Introduction of the bill comes amid ongoing attempts from some Republicans to oust the head of the commission before the 2024 presidential election. Wisconsin is one of a handful of battleground states. Four of the past six presidential elections in the state have been decided by fewer than 23,000 votes.

Even without LeMahieu’s opposition, the proposal giving the Legislature ultimate control over elections would not become law. Republican Assembly Speaker Robin Vos has previously opposed transferring election administration to the secretary of state. And on Tuesday, Democratic Gov. Tony Evers told WISN-TV that he would veto the measure should it happen to pass.

The secretary of state in Wisconsin has not had control over elections since 1974. That power has been entrusted with a variety of independent agencies over the past 50 years, most recently the Wisconsin Elections Commission, which the Republican-controlled Legislature created in 2015. The commission consists of three commissioners appointed by Democrats and three appointed by Republicans.

Because of that even split, it frequently deadlocks on the most contentious and partisan issues that come before it.

The commission and its nonpartisan administrator, Meagan Wolfe, have been under increasing criticism from some Republicans since the 2020 election, when Donald Trump narrowly lost the state to President Joe Biden. The Senate voted to reject Wolfe’s confirmation for a second term, but it later admitted as part of a lawsuit filed to keep her in office that the vote was symbolic.

Wolfe and the commission have been the subject of conspiracy theories and the target of threats from election skeptics who falsely claim there was a plan to rig the 2020 vote in Wisconsin. Numerous reviews have found that the state’s 2020 election was fair and that the results were accurate.

Biden defeated Trump in 2020 by nearly 21,000 votes in Wisconsin, an outcome that has withstood two partial recounts, a nonpartisan audit, a conservative law firm’s review, and multiple state and federal lawsuits.

Under the new bill, the elections commission would be dissolved with powers transferred to the secretary of state’s office with oversight from the Legislature five months before the 2024 election.
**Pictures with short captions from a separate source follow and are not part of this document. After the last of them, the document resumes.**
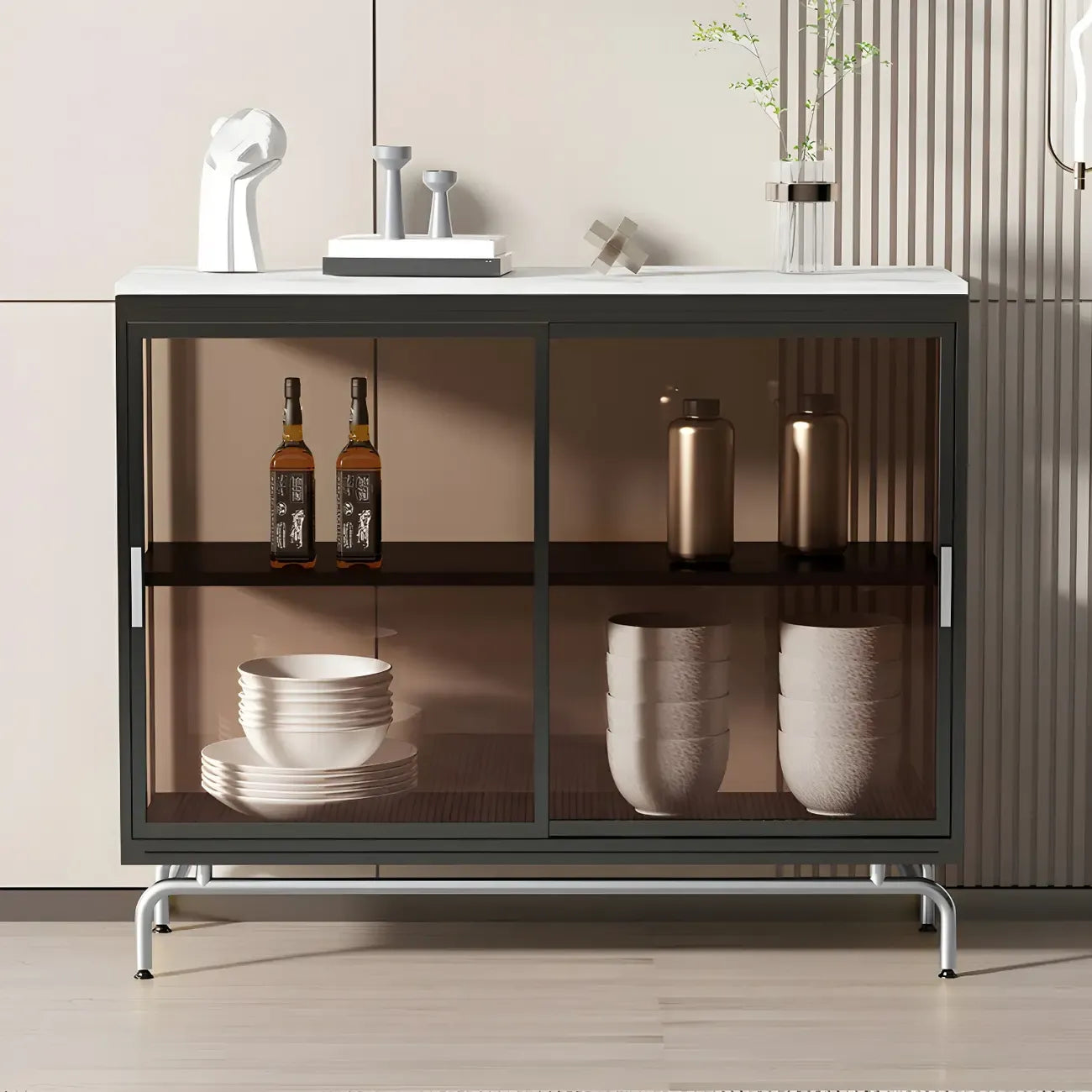 Vitrine à pieds en métal doré avec portes coulissantes en verre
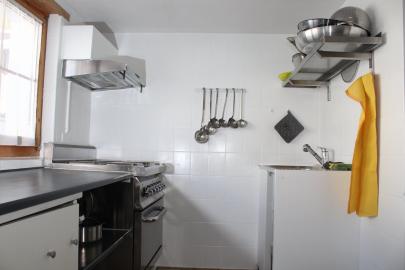 Top ausgestattete Küche mit Gasto-Backofen und Gastro-Geschirrspüller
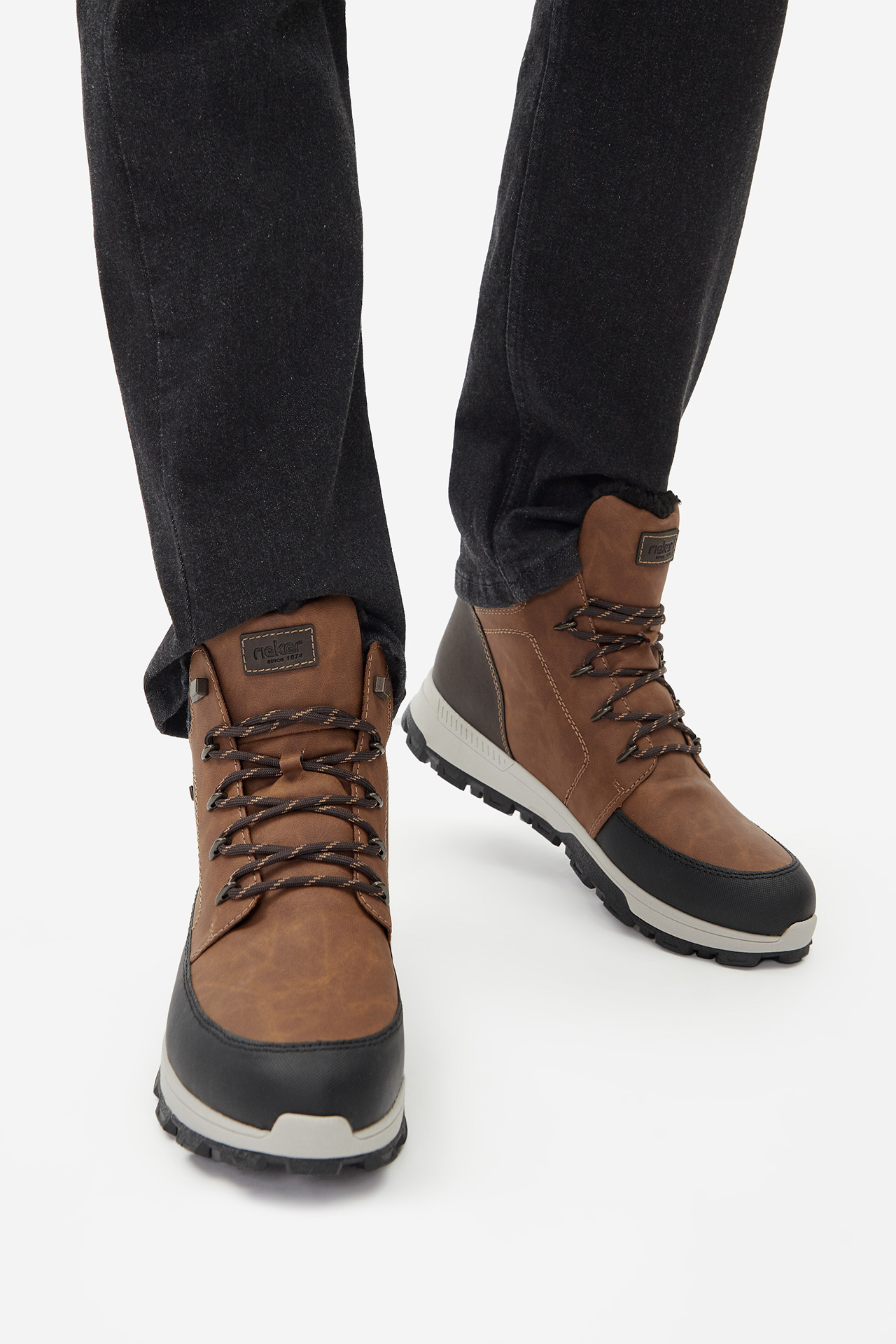 Šnurovacie topánky Hnedá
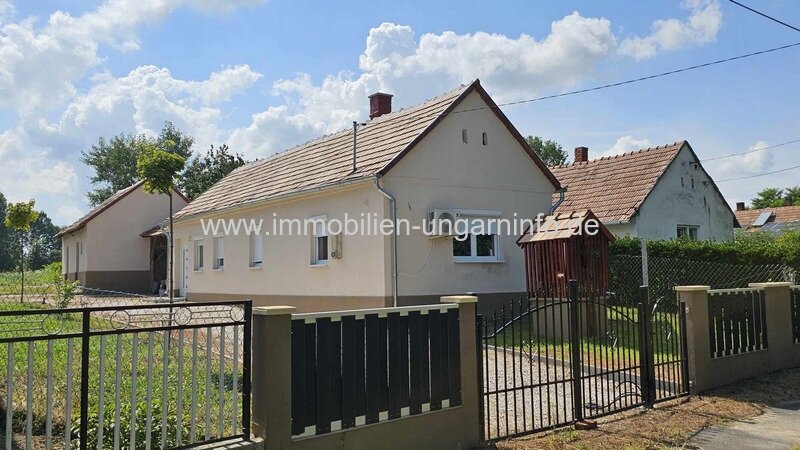 Somogy Megye - Balaton: Sofort bezugsfertig, renoviertes Einfamilienhaus 18 km vom Plattensee entfernt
That would put Democratic Secretary of State Sarah Godlewski in charge of elections, but she couldn’t take any action without the Legislature’s approval.

Wisconsin is one of 12 states where elections are not run by the secretary of state’s office. In Wisconsin, the Legislature has gradually reduced the office’s powers, budget and staff to the point where it has few duties, and there have been Republican-backed pushes to eliminate or weaken it even further.

But now Republicans are looking to empower it, while giving the Legislature final say over election decisions.

The bill was introduced by Republican state Sen. Dan Knodl, who chairs the Senate’s elections committee, and 10 Assembly Republicans.

“Even though WEC is the result of Republican legislation, I can honestly say that it has failed in its duties,” Knodl said in a statement. “When a government entity fails at doing its job I believe the public should have a remedy for change. Currently, the public has no such remedy.”